事業報告に関しては、118条2号で、内部統制システムの運用状況の開示が求められるようになりました。その内容については、法務省は、内部統制に関する委員会の開催状況や社内研修の実施状況、内部監査部門の活動状況等を記載することが考えられるとしています。実務的には、コンプライアンス・プログラムの実施状況など、各社のその年の取組みを記載すれば良く、その取捨選択には広い裁量があるものと思われます。また118条4号は、特定完全子会社の開示を、また同条5号は、関連当事者取引に係る開示を求めています。後者は、ガバナンス・コード原案でも指摘されており、早急に対応することが求められます。その他、親会社等に関わる改正(124条3号)、社外取締役に関する改正(同条2項)、会計監査人の報酬等に同意した理由の開示(126条)などがなされています。

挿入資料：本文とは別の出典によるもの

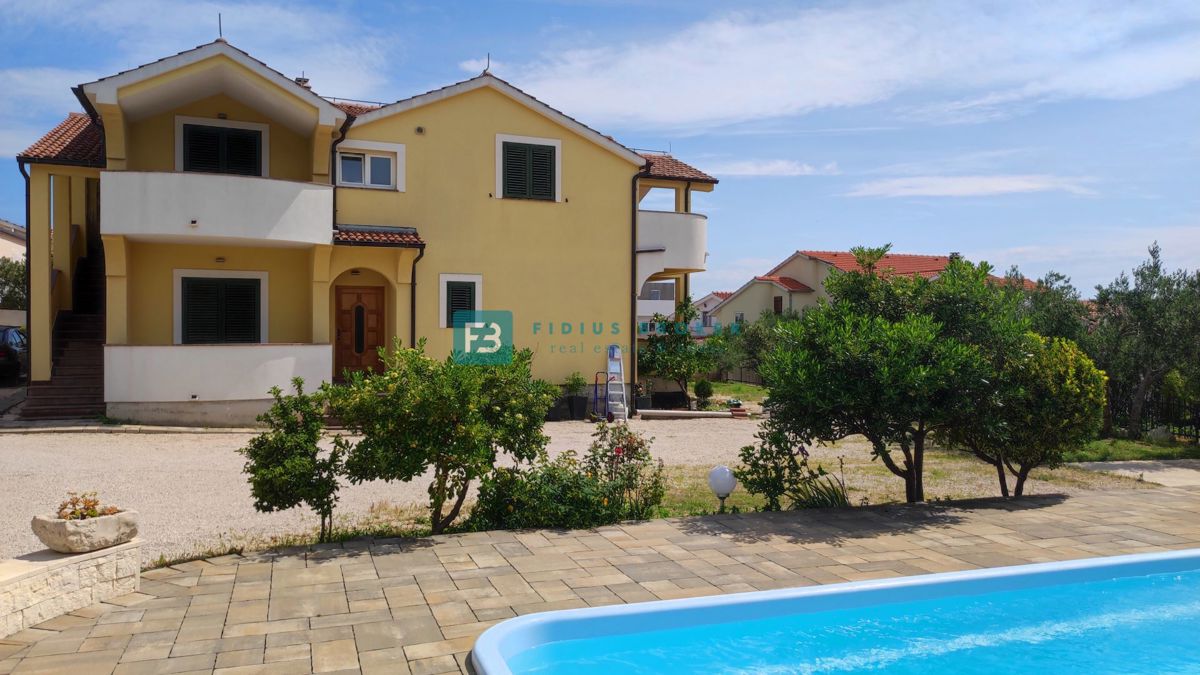 House For sale - ŠIBENSKO-KNINSKA VODICE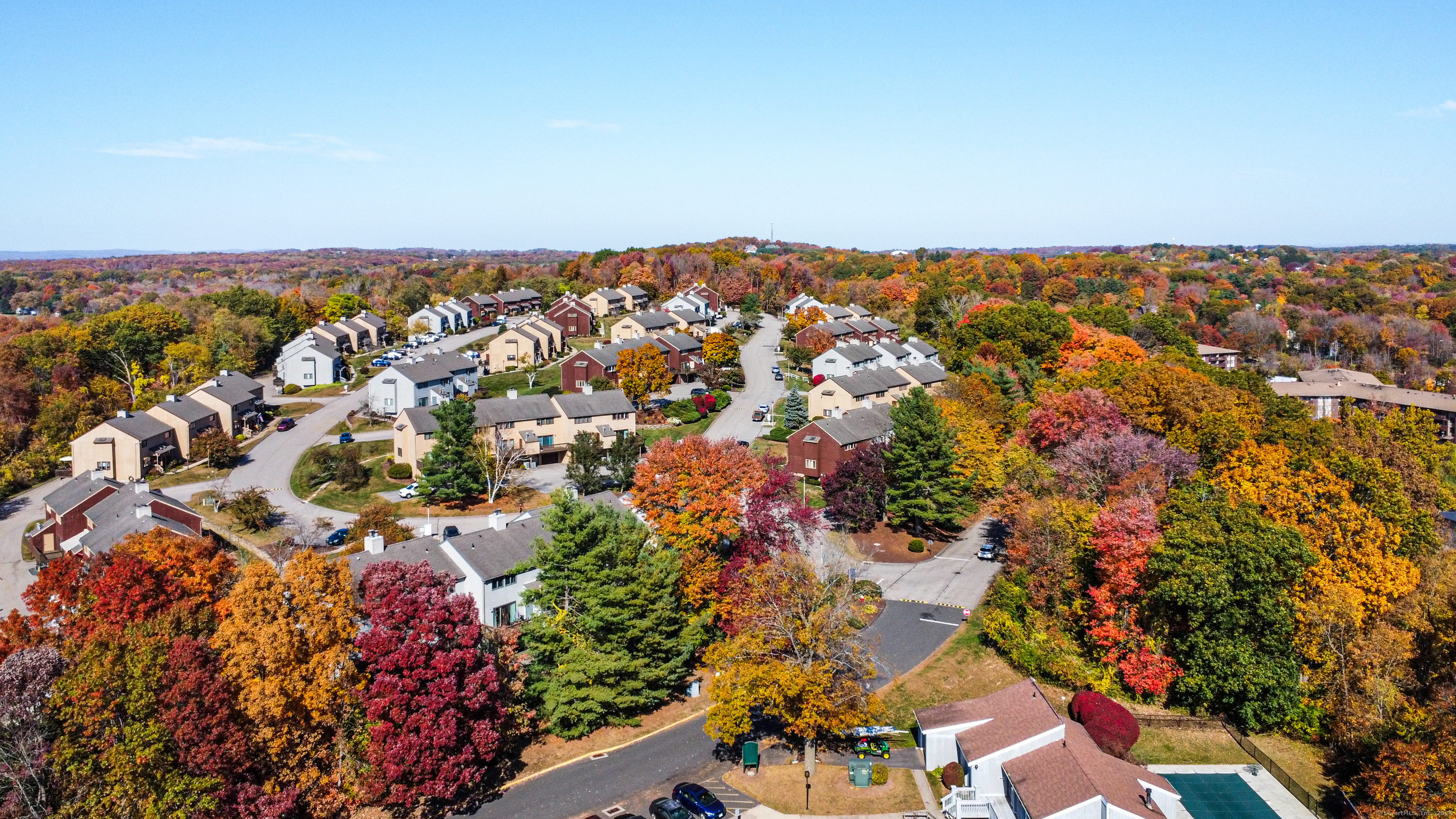 Property Photo: 4 Magnolia Hill Court 4 CT 06416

事業報告の経過規定については、施行日前に到来した決算期に係る事業報告については、原則として旧法が適用されますが、施行日以後に監査役の監査を受ける事業報告については、124条2項3項の事項(社外取締役を置くことが相当でない理由)を適用することになっています。「監査を受ける」というのは、監査役から監査結果の通知を受けられた時点を指します。

今回の改正では、経過規定の読み方がなかなか難しく、過去の解釈が変更された部分もあるので、注意が必要です。